Amitié et apostolat sur le réseau

Il est naturel que celui qui a reçu le don de la foi souhaite le partager, plein de respect et de sensibilité, avec ses interlocuteurs dans l’environnement digital, puisque nous devons conquérir pour le Christ toute valeur humaine empreinte de noblesse [10]. C’est une conséquence de l’être chrétien, qui incite à diffuser l’Évangile à travers les canaux disponibles.

La charité consiste moins à envoyer des messages religieux explicites à une liste de contacts qu’à s’intéresser aux personnes et à les aider, une par une, sur le réseau et en dehors du réseau.

Cependant, pour transmettre le message chrétien, il convient de connaître les particularités des outils employés et la manière dont se déroulent les relations qui s’y établissent. La charité consiste moins à envoyer des messages religieux explicites à une liste de contacts qu’à s’intéresser aux personnes et à les aider, une par une, sur le réseau et en dehors du réseau.

Celui qui est suffisamment préparé — y compris d’un point de vue technique — peut diffuser la foi dans l’environnement digital. En tout état de cause, il convient de faire attention à l’impact réel de ces moyens, en évitant de gaspiller des énergies qui pourraient être investies en d’autres initiatives d’un plus grand impact apostolique. De fait, il existe des moyens simples et efficaces, à la portée de tous, d’influer sur la société, comme le renvoi d’une nouvelle ou d’un article positif ou un message adressé à l’auteur d’une publication. Dans cette perspective et compte tenu des circonstances personnelles, nous serons capables de donner la juste dimension aux nouvelles technologies, par un usage correct, vertueux et propre à un chrétien chourant au milieu du monde.
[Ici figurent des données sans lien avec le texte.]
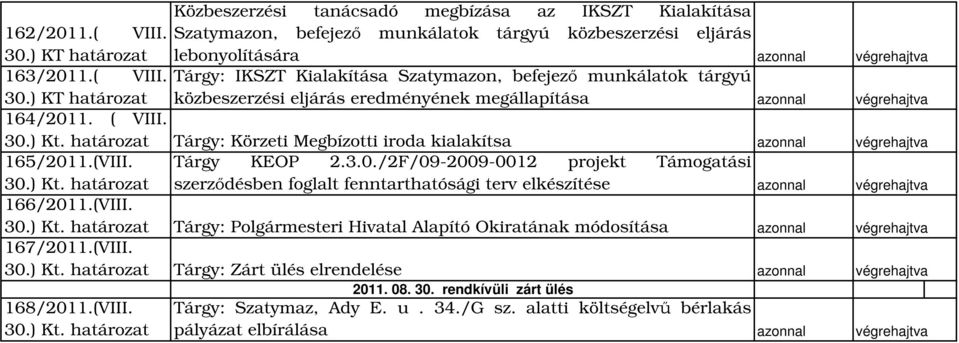 határozat Tárgy: Körzeti Megbízotti iroda kialakítsa azonnal végrehajtva 165/2011.(VIII. Tárgy KEOP 2.3.0./2F/09-2009-0012 projekt Támogatási 30.) Kt.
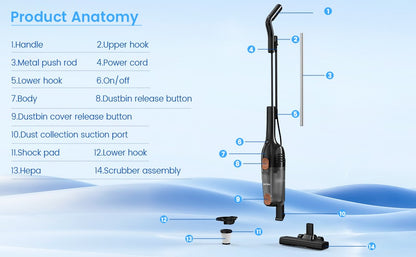 Sejoy 110/220v Corded Vacuum Cleaners 15Kpa Powerful Suction 600W Motor Stick Handheld Vacuum Cleaner for Home Pet Hair Carpet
Les nouvelles technologies sont un nouveau canal d’expression de l’amitié. Dans cette mesure, ils peuvent aussi contribuer à ce que saint Josémaria appelait l’apostolat d’amitié et de confidence [11], où grâce aux rapports personnels et à une amitié loyale et authentique, on éveille chez les autres la faim de Dieu, et où on les aide à découvrir de nouveaux horizons [12].
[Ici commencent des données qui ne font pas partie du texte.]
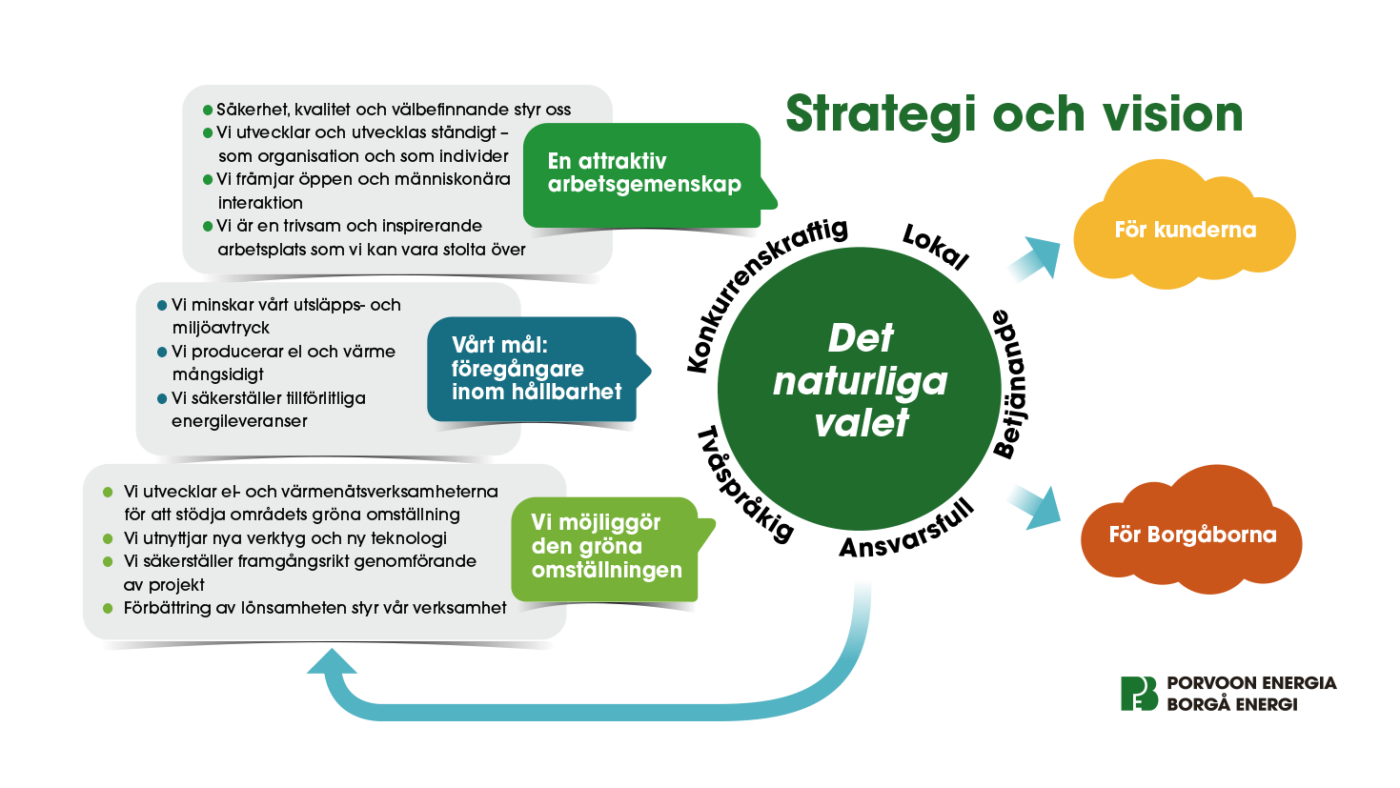 Strategi och vision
Parfois, un réseau social a été le moyen de renouer le contact avec un ancien camarade ou de maintenir une relation avec quelqu’un qui a changé de lieu de résidence. Cependant, nous avons l’expérience que les relations personnelles se forgent spécialement dans la vie réelle et nous ne pouvons donc pas oublier que l’apostolat chrétien s’appuie surtout sur le contact direct, puisque « l’Évangile nous invite toujours à courir le risque de la rencontre avec le visage de l’autre, avec sa présence physique qui interpelle, avec sa souffrance et ses demandes, avec sa joie contagieuse » [13]. Le désir sincère de transmettre le trésor de la foi poussera les chrétiens à sortir à la rencontre des autres, dans une approche apostolique, qui sait se servir de tous moyens disponibles, y compris digitaux.


[1]. Cf. Lc 10, 25 suiv.

[2]. Lc 10, 29.

[3]. Pape François, Message pour la Journée mondiale des communications sociales, 24 janvier 2014.

[4]. Saint Thomas, S. Th. II-II, q. 109, a. 3 ad 1.

[5]. Benoît XVI, Message pour la Journée mondiale des communications sociales, 24 janvier 2013.

[6]. Ibid.

[7]. Jc 3, 5.

[8]. Chemin, n° 455.

[9]. Benoît XVI, Message pour la Journée mondiale des communications sociales, 24 janvier 2013.

[10]. Forge, n° 682.

[11]. Entretiens, n° 66.

[12]. Quand le Christ passe, n° 149.

[13]. Pape François, Exhort. apost.Evangelii gaudium, 24 novembre 2013, n° 88.